On Mon, Nov 29, 2021 at 12:11:43AM -0500, David Mertz, Ph.D. wrote:
On Sun, Nov 28, 2021, 11:43 PM Paul Bryan <pbryan@anode.ca> wrote:
According to https://docs.python.org/3/glossary.html#term-iterator and https://docs.python.org/3/library/stdtypes.html#typeiter, iterators must implement the __iter__ method.
From your first link:
CPython implementation detail: CPython does not consistently apply the requirement that an iterator define __iter__().
That comment is newly added to the documentation, it wasn't there in 3.9: https://docs.python.org/3.9/glossary.html#term-iterator and I don't think it should have been added. Rather than muddying the waters with a comment that CPython doesn't obey its own rules, I would rather we fixed the broken iterators so that they weren't broken. For Python classes, all it needs is a one line method. For C classes, I presume it's a bit more complex, but not that much. Does anyone know what builtin or stdlib objects iterators fail to implement `__iter__`? I haven't been able to find any -- all the obvious examples do (map, filter, reversed, zip, generators, list iterators, set iterators, etc).
obj = iter(zip('', '')) obj is iter(obj) True
The inconvenient truth here is that if you have an object that defines only `__next__`, you **cannot** iterate over it directly!
class BrokenIterator(object): ... def __next__(self): ... return 1 ... for i in BrokenIterator(): ... print(i) ... Traceback (most recent call last): File "<stdin>", line 1, in <module> TypeError: 'BrokenIterator' object is not iterable
How is that an iterator when it doesn't support iteration?
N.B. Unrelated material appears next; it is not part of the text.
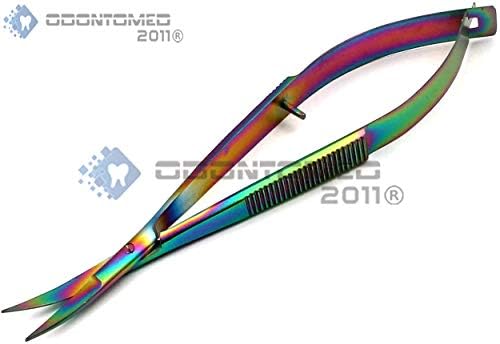 Multi Color Rainbow Borderys Sewing Scissor - Ação da primavera Scissor 4.5 - Aço inoxidável, ponta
You can, sometimes, get away with such a broken iterator if you iterate over it *indirectly*, that it, you have a second class with an `__iter__` method which returns a BrokenIterator instance: class Container(object): def __iter__(self): return BrokenIterator() Now you can iterate over a Container instance: for i in Container(): print(i) break but the moment that somebody tries to use that as an actual iterator, for example by skipping the first element: it = iter(Container()) next(it, None) # discard the first element for i in it: print(i) it will blow up in their face. Would-be iterators that supply only `__next__` are broken. If you go back to the original PEP that introduced iterators in Python 2.1, it is clear: "Classes can define how they are iterated over by defining an __iter__() method; this should take no additional arguments and return a valid iterator object. A class that wants to be an iterator should implement two methods: a next() method that behaves as described above, and an __iter__() method that returns self." https://www.python.org/dev/peps/pep-0234/ The reference manual is correct. I quote: "One method needs to be defined for container objects to provide iterable support: ..." (that would be `__iter__`). "The iterator objects themselves are required to support the following two methods, which together form the iterator protocol: ..." (and they would be `__iter__` returning self, and `__next__`). https://docs.python.org/3/library/stdtypes.html#iterator-types
That said, I don't think the description at the link is very good. Anyway, it's different from what I teach,
Then you are teaching it wrong. Sorry.
and also different from how Python actually behaves. E.g.:
class Foo: ... def __iter__(self): ... return Bar()
Then Foo instances are *iterable* but they are not iterators.
...
class Bar: ... def __next__(self): ... if random() > 0.5: ... raise StopIteration ... return "Bar"
And Bar instances are broken iterators. [...]
Or anyway, what would you call `bar := Bar()` if not "an iterator?!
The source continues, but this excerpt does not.